• **Problem requirements**
Which lines run from the start of the data below to the line containing "Coach Signature Getaway"? Set them down exactly, with none added.

Records from a data source:
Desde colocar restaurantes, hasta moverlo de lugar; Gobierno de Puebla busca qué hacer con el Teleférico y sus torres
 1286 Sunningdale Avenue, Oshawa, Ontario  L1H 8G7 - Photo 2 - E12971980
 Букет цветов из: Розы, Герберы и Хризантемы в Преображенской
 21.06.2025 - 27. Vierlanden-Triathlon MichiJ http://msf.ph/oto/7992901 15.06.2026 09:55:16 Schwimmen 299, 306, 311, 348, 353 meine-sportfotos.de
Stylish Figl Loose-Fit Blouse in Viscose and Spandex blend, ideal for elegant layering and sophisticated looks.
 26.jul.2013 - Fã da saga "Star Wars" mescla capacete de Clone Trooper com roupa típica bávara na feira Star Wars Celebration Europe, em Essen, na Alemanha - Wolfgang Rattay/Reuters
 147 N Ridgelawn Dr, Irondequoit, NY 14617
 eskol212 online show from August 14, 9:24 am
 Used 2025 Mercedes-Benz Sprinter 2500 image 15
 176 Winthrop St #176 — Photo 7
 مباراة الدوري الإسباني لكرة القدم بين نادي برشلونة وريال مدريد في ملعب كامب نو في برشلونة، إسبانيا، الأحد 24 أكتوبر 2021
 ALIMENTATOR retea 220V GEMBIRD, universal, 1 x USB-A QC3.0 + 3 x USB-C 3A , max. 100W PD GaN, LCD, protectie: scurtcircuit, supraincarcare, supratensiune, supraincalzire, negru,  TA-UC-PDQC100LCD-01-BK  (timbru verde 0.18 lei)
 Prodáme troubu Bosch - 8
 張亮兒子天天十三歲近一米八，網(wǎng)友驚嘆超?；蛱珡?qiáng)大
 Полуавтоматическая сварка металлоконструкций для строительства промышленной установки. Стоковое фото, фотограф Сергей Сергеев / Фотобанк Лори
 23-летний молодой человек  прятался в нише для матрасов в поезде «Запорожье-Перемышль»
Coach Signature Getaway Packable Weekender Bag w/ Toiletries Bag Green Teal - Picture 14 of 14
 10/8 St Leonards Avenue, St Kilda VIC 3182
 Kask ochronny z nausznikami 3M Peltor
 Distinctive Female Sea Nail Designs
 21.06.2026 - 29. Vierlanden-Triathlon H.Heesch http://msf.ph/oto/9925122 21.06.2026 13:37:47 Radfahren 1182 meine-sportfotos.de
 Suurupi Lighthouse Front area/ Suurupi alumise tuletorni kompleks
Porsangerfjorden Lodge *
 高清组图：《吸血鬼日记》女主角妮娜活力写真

• **Exercise result**
Desde colocar restaurantes, hasta moverlo de lugar; Gobierno de Puebla busca qué hacer con el Teleférico y sus torres
 1286 Sunningdale Avenue, Oshawa, Ontario  L1H 8G7 - Photo 2 - E12971980
 Букет цветов из: Розы, Герберы и Хризантемы в Преображенской
 21.06.2025 - 27. Vierlanden-Triathlon MichiJ http://msf.ph/oto/7992901 15.06.2026 09:55:16 Schwimmen 299, 306, 311, 348, 353 meine-sportfotos.de
Stylish Figl Loose-Fit Blouse in Viscose and Spandex blend, ideal for elegant layering and sophisticated looks.
 26.jul.2013 - Fã da saga "Star Wars" mescla capacete de Clone Trooper com roupa típica bávara na feira Star Wars Celebration Europe, em Essen, na Alemanha - Wolfgang Rattay/Reuters
 147 N Ridgelawn Dr, Irondequoit, NY 14617
 eskol212 online show from August 14, 9:24 am
 Used 2025 Mercedes-Benz Sprinter 2500 image 15
 176 Winthrop St #176 — Photo 7
 مباراة الدوري الإسباني لكرة القدم بين نادي برشلونة وريال مدريد في ملعب كامب نو في برشلونة، إسبانيا، الأحد 24 أكتوبر 2021
 ALIMENTATOR retea 220V GEMBIRD, universal, 1 x USB-A QC3.0 + 3 x USB-C 3A , max. 100W PD GaN, LCD, protectie: scurtcircuit, supraincarcare, supratensiune, supraincalzire, negru,  TA-UC-PDQC100LCD-01-BK  (timbru verde 0.18 lei)
 Prodáme troubu Bosch - 8
 張亮兒子天天十三歲近一米八，網(wǎng)友驚嘆超?；蛱珡?qiáng)大
 Полуавтоматическая сварка металлоконструкций для строительства промышленной установки. Стоковое фото, фотограф Сергей Сергеев / Фотобанк Лори
 23-летний молодой человек  прятался в нише для матрасов в поезде «Запорожье-Перемышль»
Coach Signature Getaway Packable Weekender Bag w/ Toiletries Bag Green Teal - Picture 14 of 14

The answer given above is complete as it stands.